Mostly, I’ve gone back to where I was before my breakdown, almost 2 years ago, when I was a highly flawed, but mostly functioning human being. Perhaps I improved a little, but I’m roughly there.

And I can tell because there’s another block I’m dealing with, the same I was dealing with back then, the one that caused my breakdown. It’s huge, and heavy, and solid. It shows no signs of fragility, no cracks I might infiltrate, no weaknesses. I believe if I can dissolve it, everything else will fall into place, and the vast majority of my issues will solve themselves. I’m not saying I’d be completely fine and happy, I’m still very isolated for instance, but I think things would improve even more than they did when I overcame the other, smaller block

This bigger block manifests itself in a variety of ways. It’s in everything I do. Mostly, it’s limiting the ways I am able to express myself; it can be partially summed up in that expression, “I want”, or rather in my inability to act on what I want, but here language gets tricky, and I don’t have the proper terminology to explain how I understand this in a simple way.

On an abstract level, I know what I want, and, relatedly, what I like. I want to transition. I want to be creative. I like videogames, literature, philosophy, and I like engaging with those things. Just to mention a few examples. If I started my gaming blog, it’s because I enjoy reading about games that way, and I genuinely want to write about games myself.

But when it comes down to it, to doing things in practice, I don’t know how to approach anything as a “want”, but only as a “must”, as an obligation, as a chore, as homework, as an assignment. Which can be useful, occasionally, no doubt about it. But for me, for how I work, and for how this attitude pollutes my life, it has sucked the joy out of everything I do. (Except videogames, to an extent, and even they are affected by it, but that’s another story)

And then, there’s my guilt. Omnipresent, soul-crushing guilt. It’s everywhere. It’s the emotion I feel the most, together with frustration directed at myself.

It’s as if everything I do has to have a use, a purpose, an ‘objective justification’. Every minute has to be productive, which is why I tend to make mental timetables. Not that I would like to waste time, but I tend to think of my days in time blocks, all of which have to be filled with ‘meaningful’ activity, all of them of the utmost importance, all of them to be performed to the best of my abilities, and with the utmost concentration.

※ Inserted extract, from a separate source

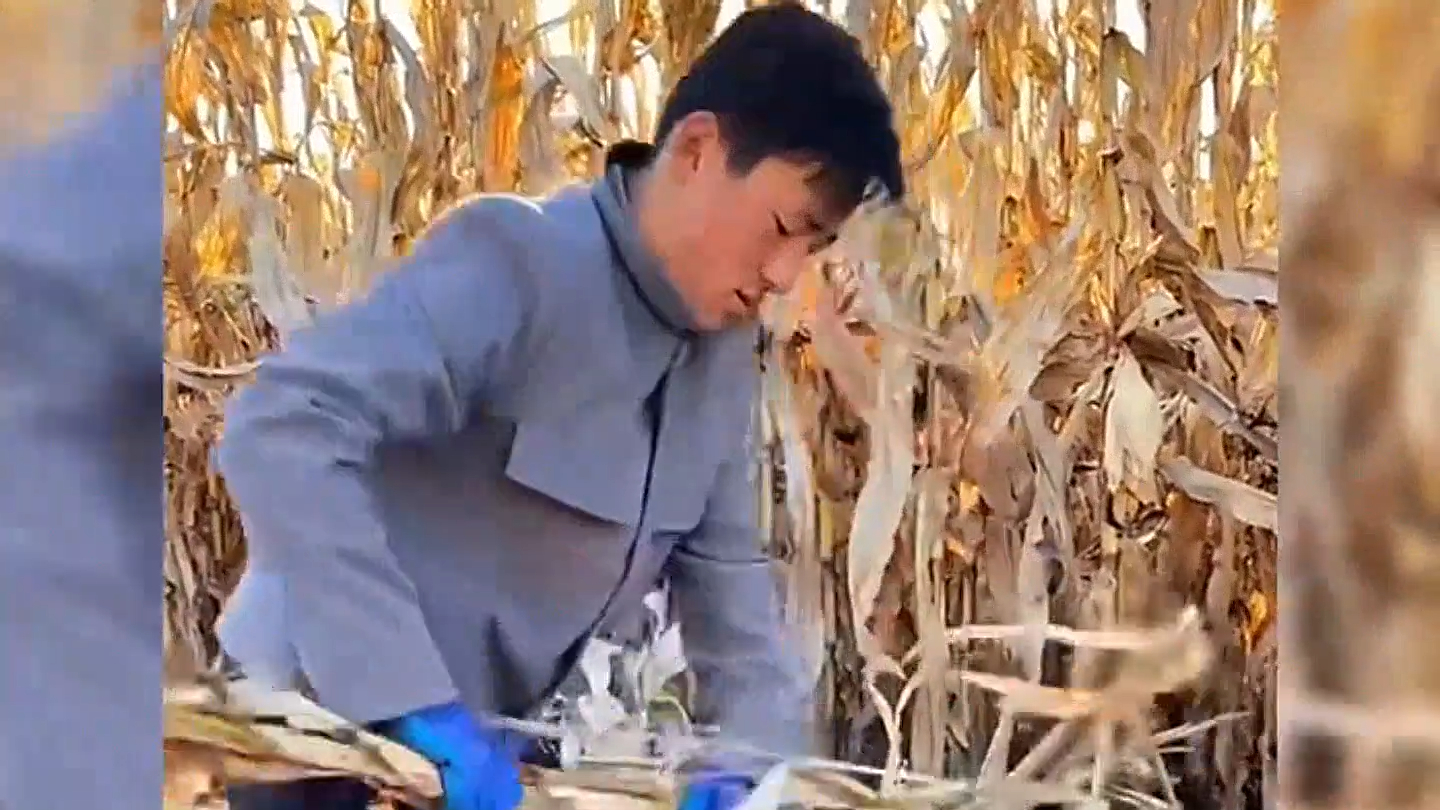 盘点那些捧杀名场面，在声声夸赞中彻底迷失自我！_腾讯新闻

Of course I regularly fail, because that’s not humanly possible, and then I feel guilty for “wasting time”

This abstract description is not even half of the picture, but let’s make some concrete examples.

Take writing, for instance. I know I want to write. Over the years I doubted myself, I decided to quit it, and I did a lot of soul-searching, but I always went back to it in the end, so I know writing is important to me. But it’s been years since I genuinely enjoyed writing anything. You’ll see me complaining about my writing style on my gaming blog: I hate it. It’s dry, arid, lifeless, excessively academic, it’s the opposite of what I’d like to achieve (one of my biggest inspirations is Cara Ellison, whose style is lively, personal, “aggressively vulnerable”), but it’s a necessity for now. If I try to write like that, I freeze up. I want to write articles for my gaming blog, I really do. But never for a second I approached writing an article with an attitude of wanting to write. Only ever with the attitude that I must write.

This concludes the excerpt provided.